I'd like the data below restated word for word, with the pictures left out.

*Supplied data*:
---
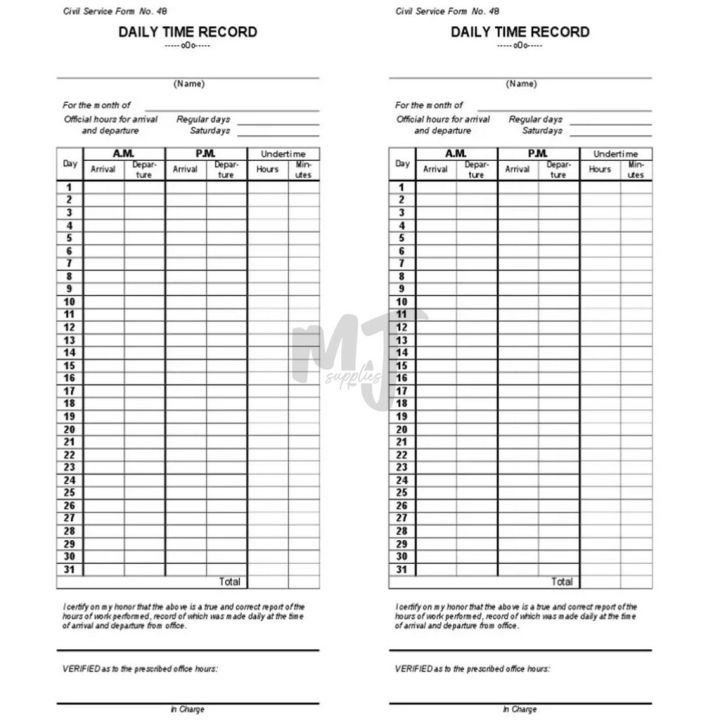 500 PCS Daily Time Record DTR Form No 48 Lazada PH
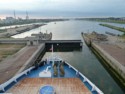 Once the ship is lowered, the lock gate slides open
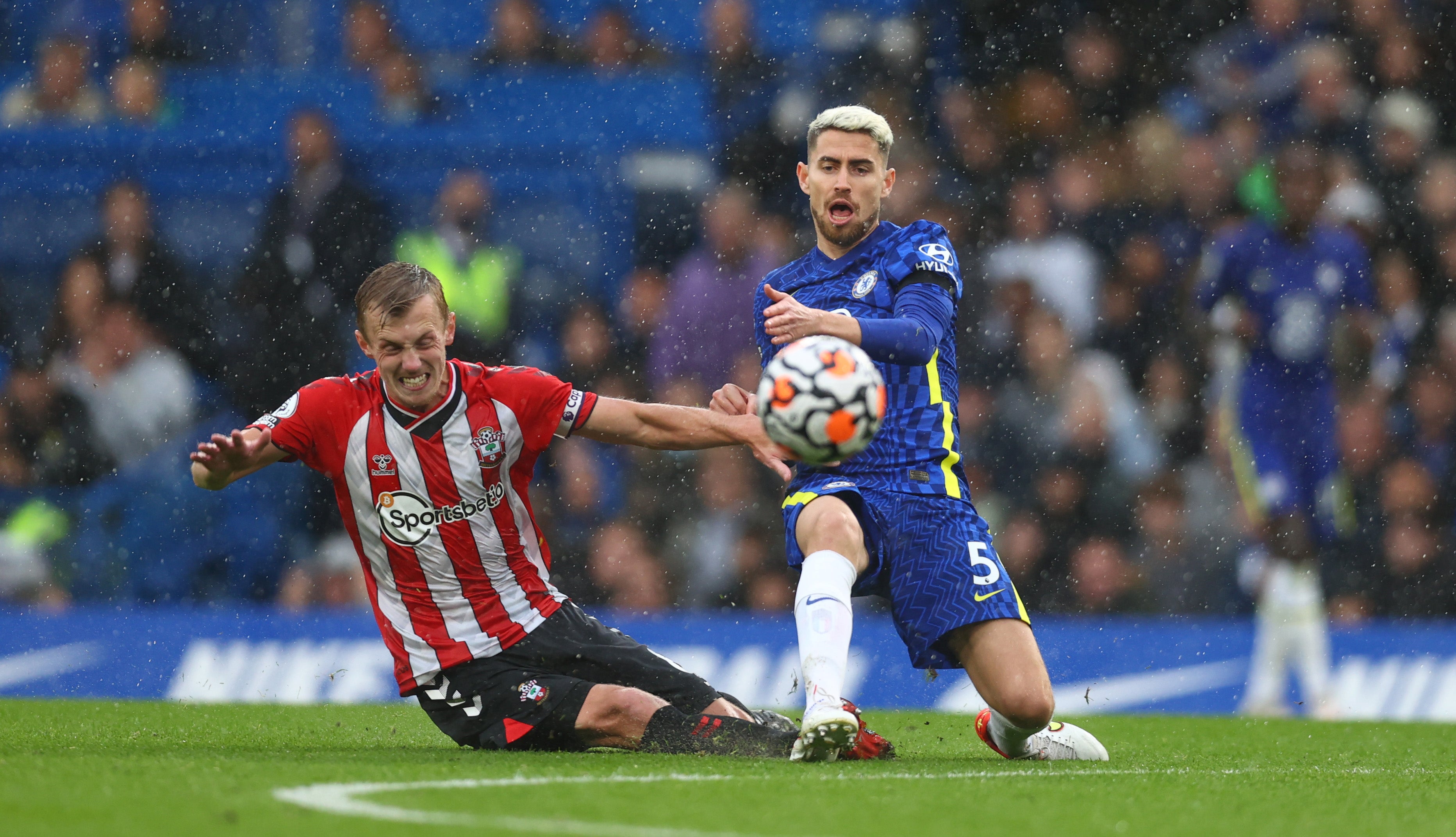 James Ward-Prowse of Southampton fouls Jorginho of Chelsea leading to a red card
---
*Reply to the exercise*:
 500 PCS Daily Time Record DTR Form No 48 Lazada PH
 Once the ship is lowered, the lock gate slides open
 James Ward-Prowse of Southampton fouls Jorginho of Chelsea leading to a red card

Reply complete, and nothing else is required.